Since \(B_1>0\) and \( B_1^2 -B_0B_2 > 0 \), we find that the equation \(G(Q) < 0\) for a positive finite range of Q. Therefore, if we choose a value of Q from the positive range, then the time derivative (50) is always non-positive for any \({}^{{\mathsf {T}}}\big [x\ y\ z\big ]\). Since the largest invariant set where the time derivative (50) becomes zero is the singleton consisting of only \({}^{{\mathsf {T}}}\big [0\ 0\ 0\big ]\), the function \({\mathscr {L}}\) becomes a Lyapunov function for the equilibrium \({}^{{\mathsf {T}}}\big [0\ 0\ 0\big ]\) of the dynamical system (48).
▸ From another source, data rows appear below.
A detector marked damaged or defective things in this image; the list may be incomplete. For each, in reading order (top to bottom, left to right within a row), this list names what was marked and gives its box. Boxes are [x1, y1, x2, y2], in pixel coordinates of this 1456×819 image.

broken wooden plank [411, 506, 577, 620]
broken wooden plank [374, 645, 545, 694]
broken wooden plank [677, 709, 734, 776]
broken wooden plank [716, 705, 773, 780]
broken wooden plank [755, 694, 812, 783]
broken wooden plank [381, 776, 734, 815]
Thus, by LaSalle’s invariance principle (LaSalle 1976), the equilibrium \({}^{{\mathsf {T}}}\big [0\ 0\ 0\big ]\) is asymptotically stable with respect to the dynamical system (48). Consequently, the endemic equilibrium \(E_+\) is locally asymptotically stable whenever it exists.